L’obiettivo dell’attività è quello di rendere il sistema ad intelligenza artificiale nel tempo sempre più autonomo ed in grado di determinare automaticamente gli opportuni interventi. Around the Ground è partito con una “fase Pilota”, sono state individuate tre aziende vitivinicole – Perla del Garda, Francesco Averoldi e Uberti – e grazie al servizio tecnico di Condifesa Lombardia N-E è stata predisposto una mappatura catastale in GIS che ha permesso di studiare preventivamente le caratteristiche pedoclimatiche-morfologiche delle aziende coinvolte e identificate con i vari tecnici aziendali le criticità da monitorare. Il successivo studio delle informazioni ha permesso di progettare una rete sensoristica aziendale, sfruttando la tecnologia di trasmissione LORA.WAN (attraverso il partner A2A Smart City), individuare la tipologia di sensore più indicata e posizionare il rilevamento in specifiche aree rappresentative degli appezzamenti. Sono stati poi installati in campo i sensori, affiancati tecnici delle aziende vitivinicole nell’utilizzo e nella calibrazione del dato letto dalla sensoristica installata basandosi sulle applicazioni native VISIOGREEN degli strumenti tecnologici adottati nel Beta test. Grazie alla sinergia creata tra i partner e le differenti competenze messe a fattor comune, la prima fase si è conclusa con ottimi risultati.
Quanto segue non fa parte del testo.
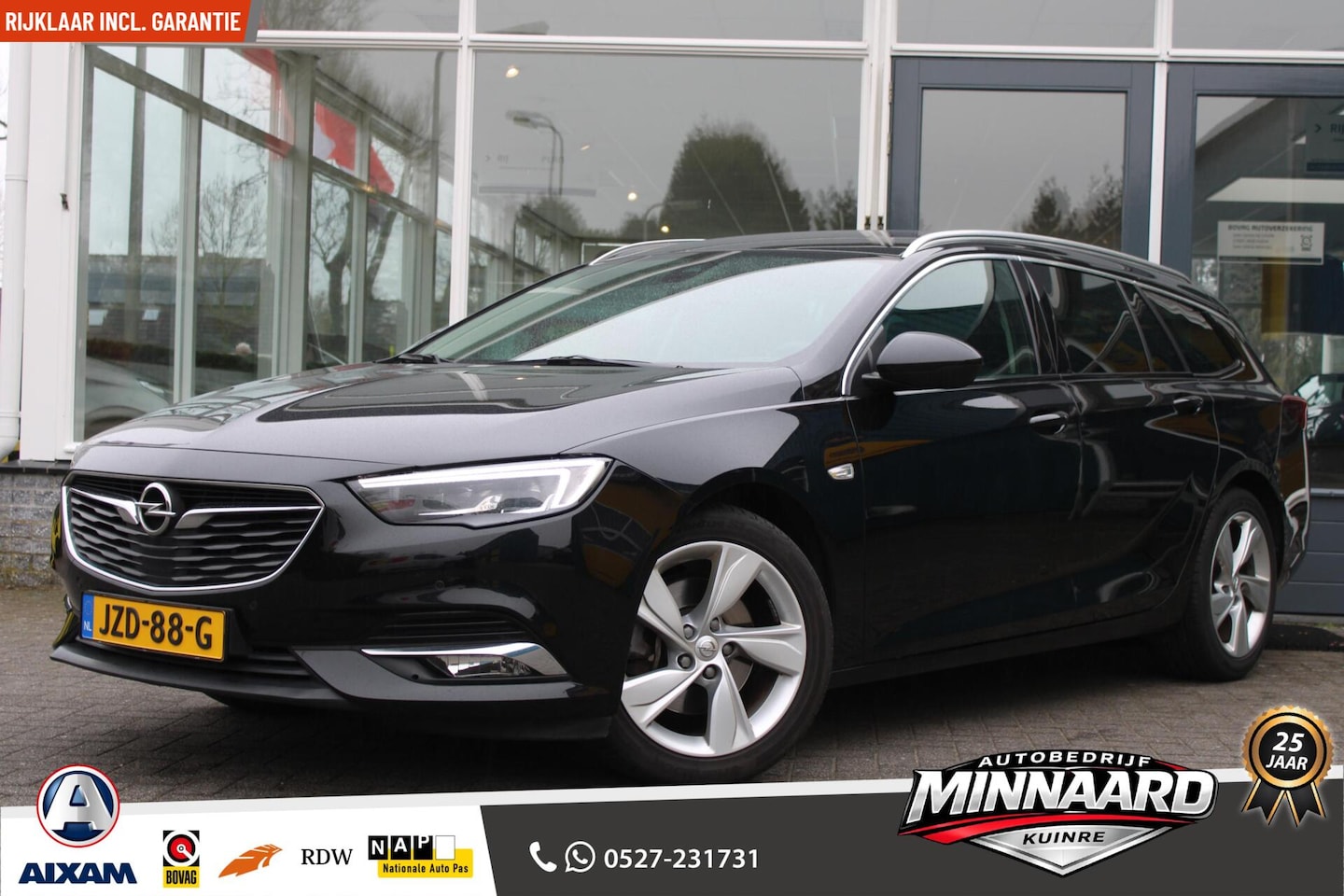 Opel Insignia Sports Tourer - 1.6 Turbo 200PK Business Executive|AGR stoelen|Stuur/stoel verwarming|NavI|carplay|DAB - AutoWereld.nl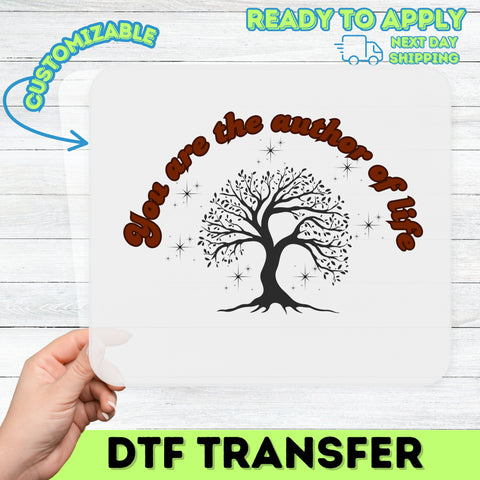 Inspirational Tree of Life DTF Transfer Ready To Press Motivational Quote Shirt or Sweatshirt for Life Coaches & Yoga Retreats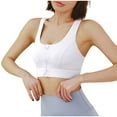 thumbnail image 1 of Wireless Bras for Women Front Closure Zipper Breathable Comfy Workout Seamless Bralettes Fullover Coverage Wireless Bras, 1 of 6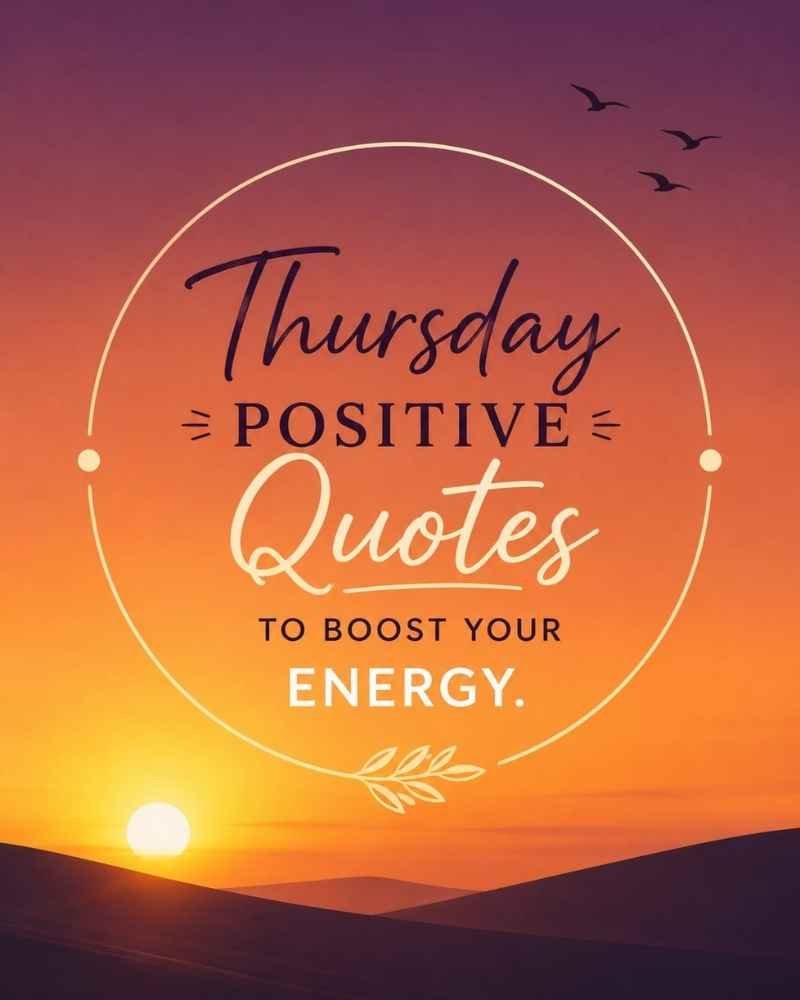 Thursday Positive Quotes to Boost Your Energy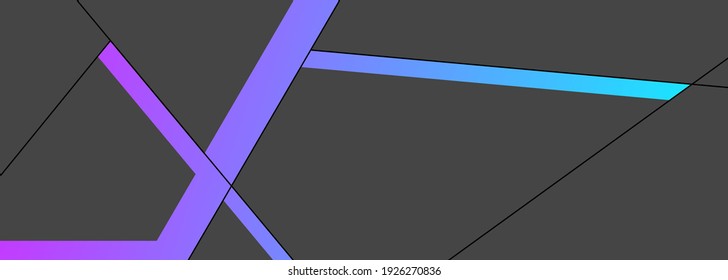 Dark black and neon mosaic background. Modern abstract technology vector background EPS 10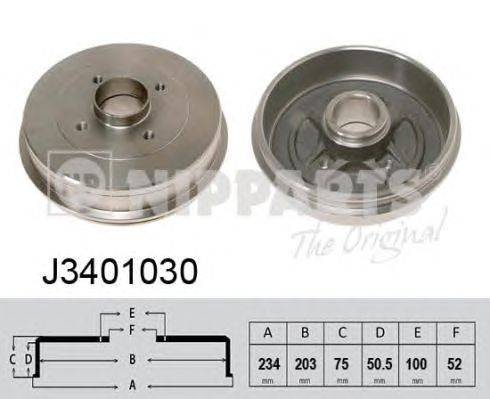 Тормозной барабан NIPPARTS J3401030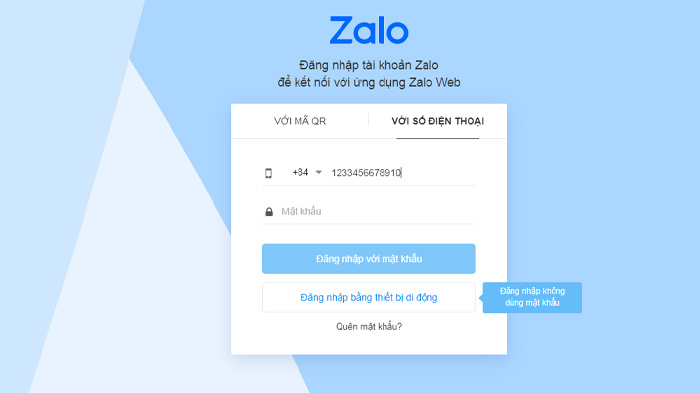 0404 cach dang nhap zalo khong can tai 2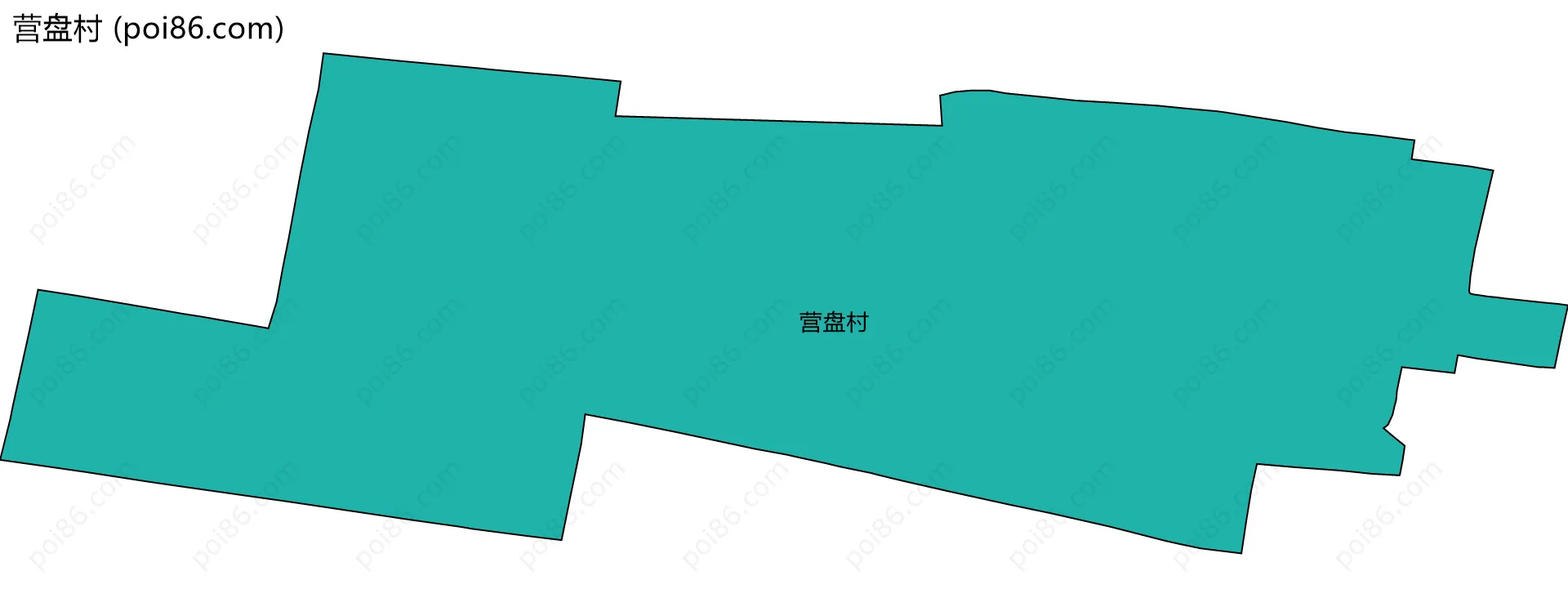 营盘村边界地图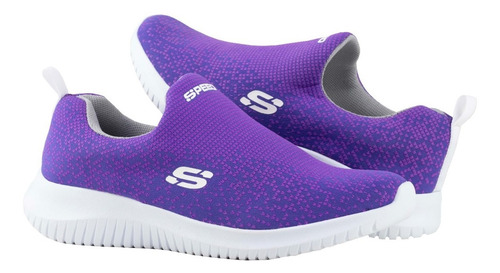 Imagen 1 de 9 de Tenis Deportivo Ajuste Elastico Comodo Suela Liviana 110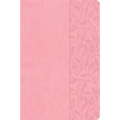 CSB Large Print Thinline Bible, Value Edition, Soft Pink Leathertouch - Imitation Leather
In particolare, è stato possibile individuare presso gli associati di Coldiretti le aziende interessate al progetto pilota; Condifesa e FasterNet hanno gestito la fase operativa presso le aziende e le specifiche tecniche; A2A Smart City e COBO si sono occupati dello studio e della sensorizzazione dei mezzi necessari per il progetto pilota; CSMT ha gestito il coordinamento del progetto e la ricerca di fonti di finanziamento; InnexHUB ha patrocinato e dato supporto istituzionale al progetto. I sensori posizionati si sono dimostrati da subito indispensabili strumenti per la raccolta dei dati, la pianificazione e, soprattutto, la calibrazione delle misure di intervento agronomico e fitosanitario nella conduzione aziendale. Un esempio esplicativo è la differenziazione delle pluviometrie nei diversi appezzamenti, dato utile al percorso decisionale della difesa fitosanitaria, così calibrata alla precipitazione e all’effettivo dilavamento subito del singolo vigneto interessato.